Thought experiment answers
This section contains the solutions to the thought experiment. Each answer explains the resolution to each of the issues identified in the OLTP system.
The use of the NOLOCK table hint is common in reporting applications against OLTP systems in which lack of consistency is a trade-off for faster query performance. However, when users are dissatisfied with inconsistent results, you can recommend removing this table hint and allow the default isolation in SQL Server to manage transaction isolation. Long write operations can block the report from executing. Similarly, if the report takes a long time to execute, the read operation can block write operations.
Start with a query that returns sys.dm_os_waiting_tasks where blocking_session_id <> 0 and session_id equals the ID for the user’s session to see if anything is blocking the user’s request. The following columns will give you details about the blocking situation: blocking_session_id, wait_type, and wait_duration_ms. You can join this information to sys.dm_tran_locks to discover the current locks involved by including the request_mode and resource_type columns. The request_status column provides information about the locks. A value of CONVERT in this column is an indicator that a request is blocked. You can also use the value in the resource_associated_entity_id column to find the associated object’s name in sys.partitions.

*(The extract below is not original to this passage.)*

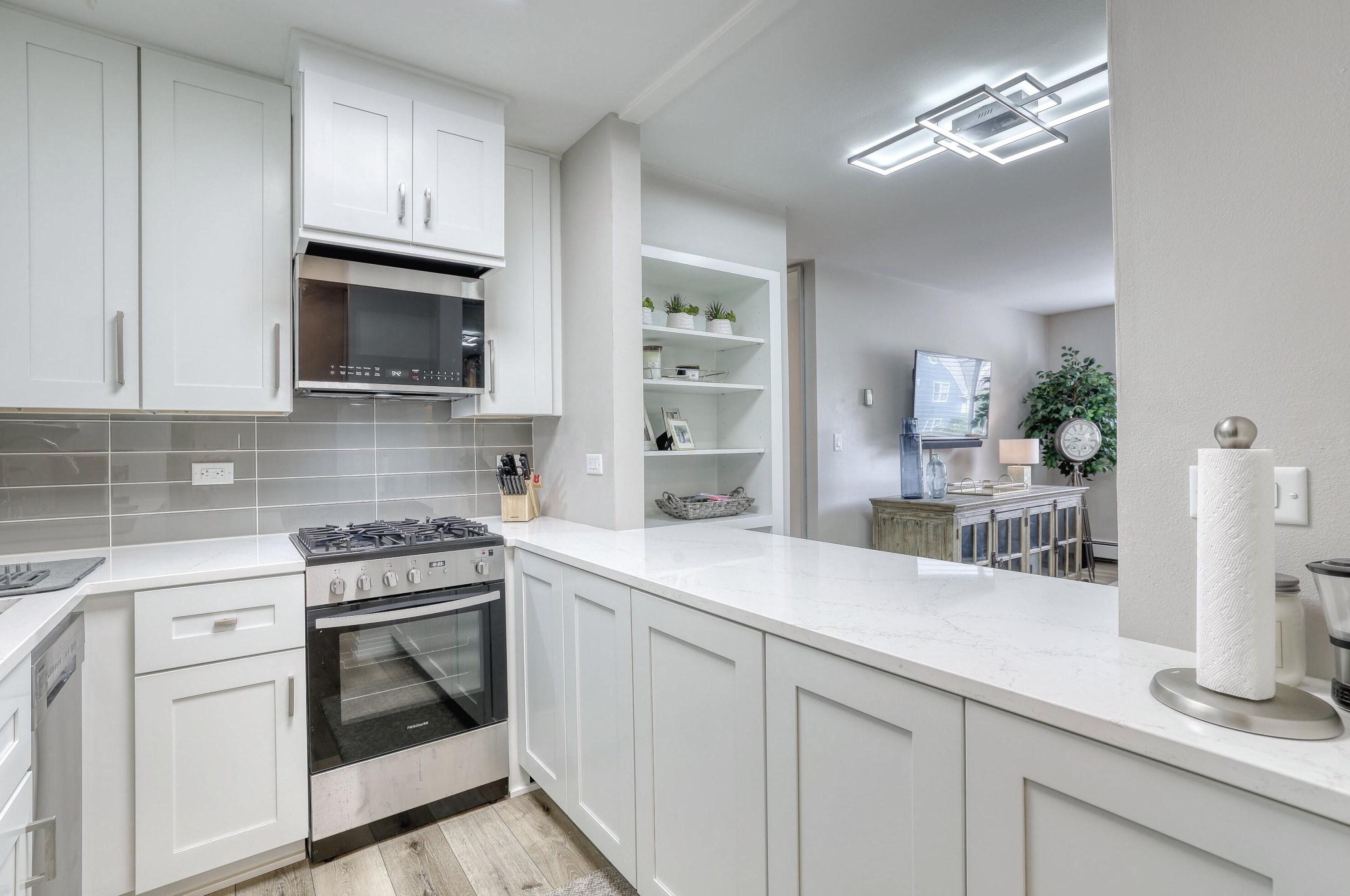 2222 Belleview Pl, Milwaukee WI 53211-4005 exterior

In explicit transaction mode with nested transactions, each BEGIN TRANSACTION must correspond to a COMMIT TRANSACTION. As each new transaction starts with BEGIN TRANSACTION, the @@TRANCOUNT variable increments by 1 and each COMMIT TRANSACTION decrements it by 1. The complete transaction does not get written to disk and committed completely until @@TRANCOUNT is 0.
While this solution is correct, a better solution is not to use nested transactions.

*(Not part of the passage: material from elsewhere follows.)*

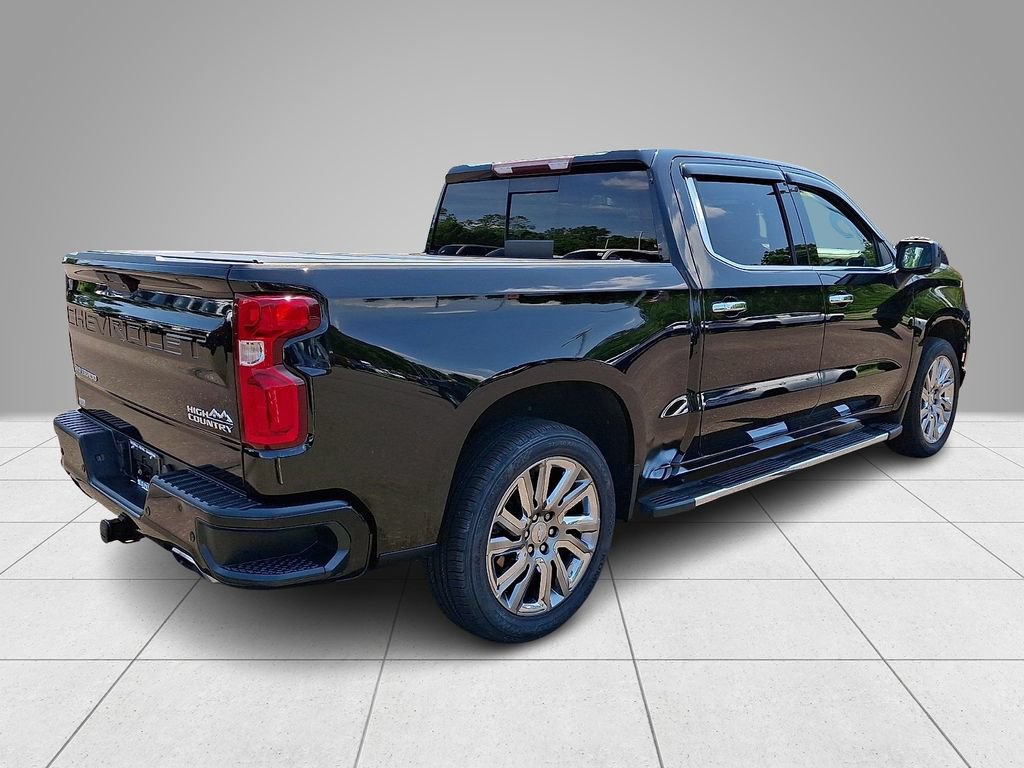 Used 2019 Chevrolet Silverado 1500 High Country w/ High Country Premium Package AWD/4WD image 5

For this type of scenario, you recommend migrating the application to memory-optimized tables. The use of memory-optimized tables is well-suited for the ingestion of high-volume inserts because it prevents the bottlenecks commonly resulting from locking and eliminates logging. Consequently, the throughput rate (number of rows loaded per second) can substantially increase.
You should recommend a nonclustered B-tree index for this query pattern. It works best for range selections in contrast to a hash index which works best for point lookups or a columnstore index which works best for large table scans.